Start of THE INPUT

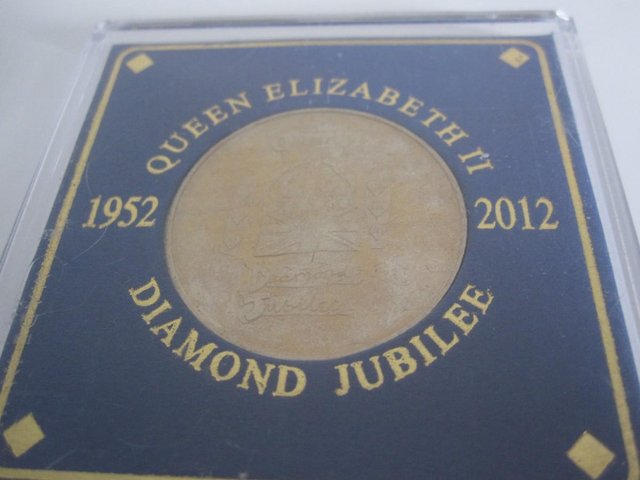 Preview of the first image of Queen Elizabeth II diamond jubilee coin.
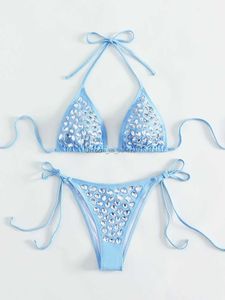 Maillots de bain pour femmes 2023 Femmes luxueux strass maillot de bain bleu 2 pièces bikini ensemble sexy col en v jarretelle à lacets maillot de bain été maillots de bain T240328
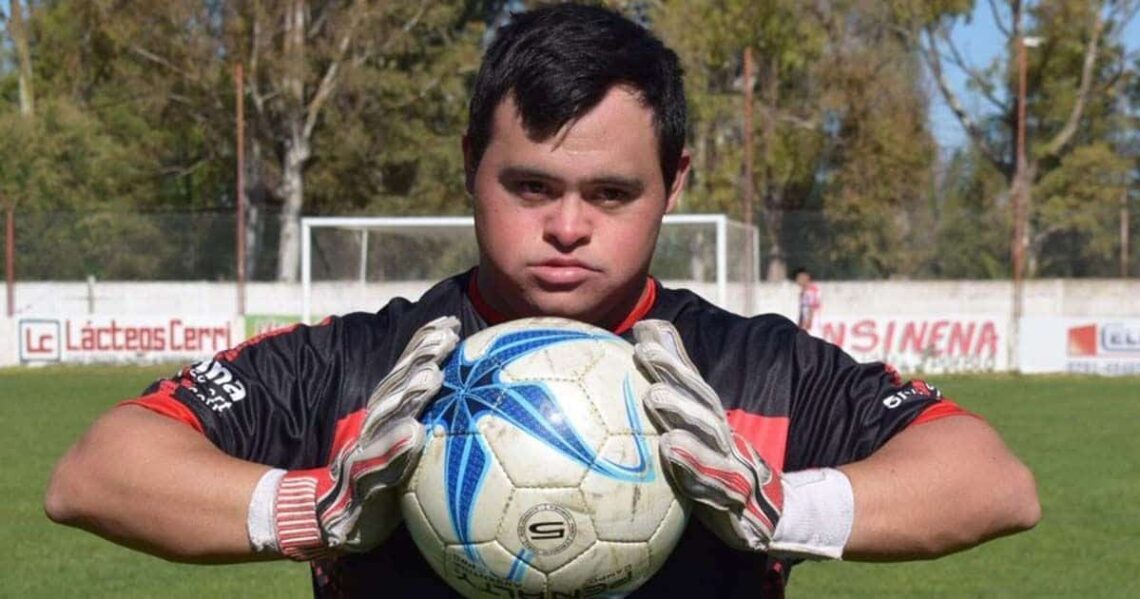 Giuliano Pambianco, portero con Síndrome de Down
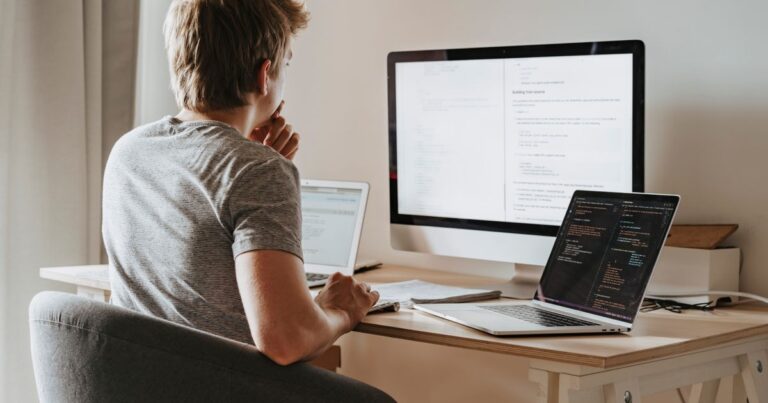 Surfshark VPN: Ligação Segura Para Usar o PayPal em Angola (Análise 2026)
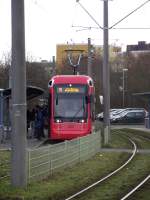Stadler Variobahn der MVG als Wagen 220 auf der Linie 51 in Mainz am 09.01.14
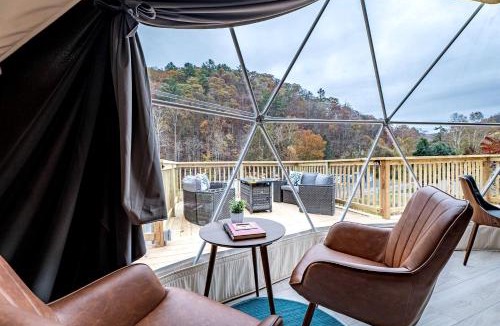 True Other | Romantic Geodesic Dome with Hot Tub, Perfect for Stargazing in Pipestem, West Virginia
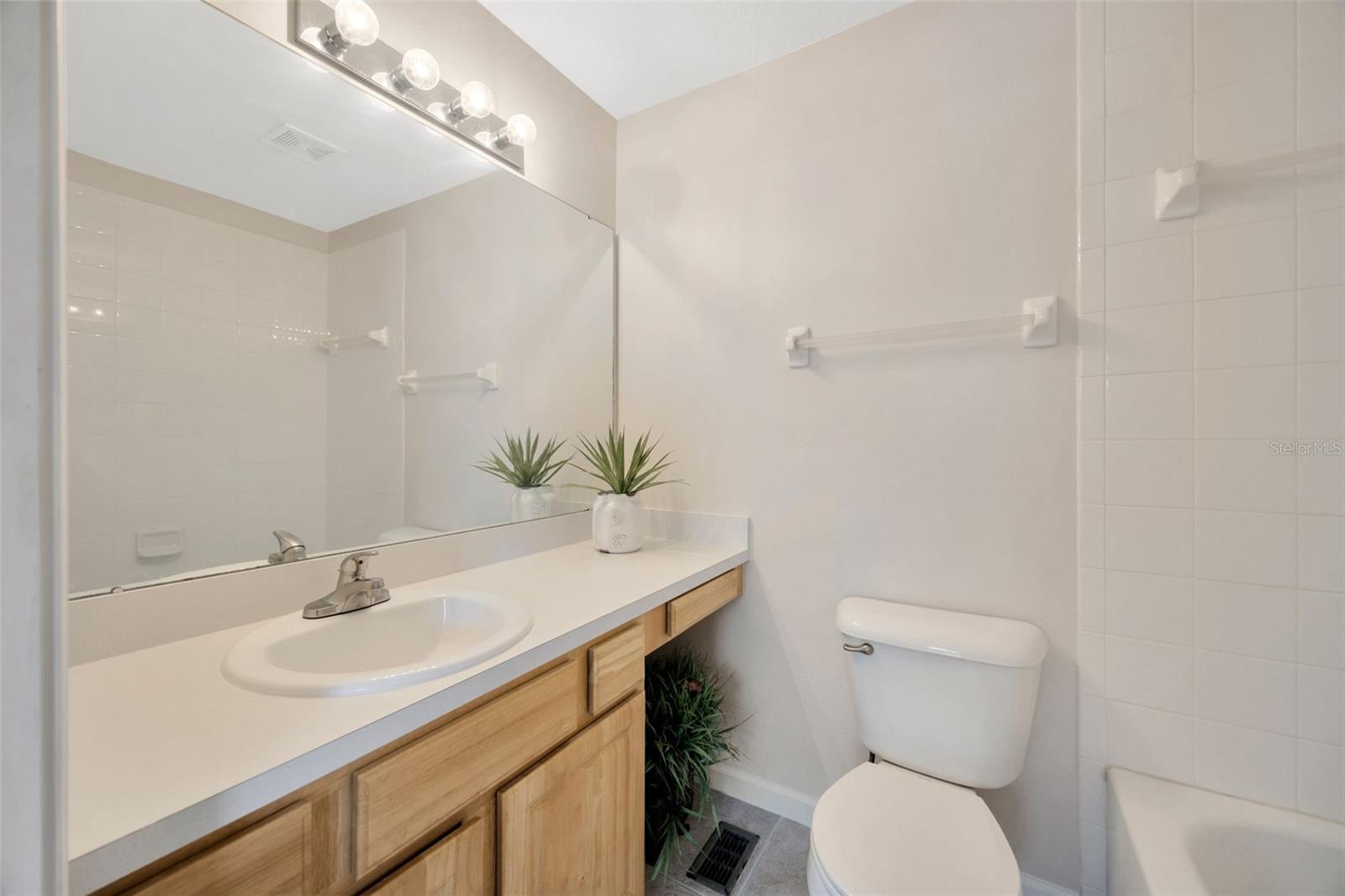 Image 17 of 20 For 10141 Bessemer Pond Court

End of THE INPUT

TASK ITEM »
Extract the run of lines from the line holding "Stadler Variobahn der" through the final line of the material above, exactly and inclusively. Leave the pictures behind.

ANSWER BOX »
Stadler Variobahn der MVG als Wagen 220 auf der Linie 51 in Mainz am 09.01.14
 True Other | Romantic Geodesic Dome with Hot Tub, Perfect for Stargazing in Pipestem, West Virginia
 Image 17 of 20 For 10141 Bessemer Pond Court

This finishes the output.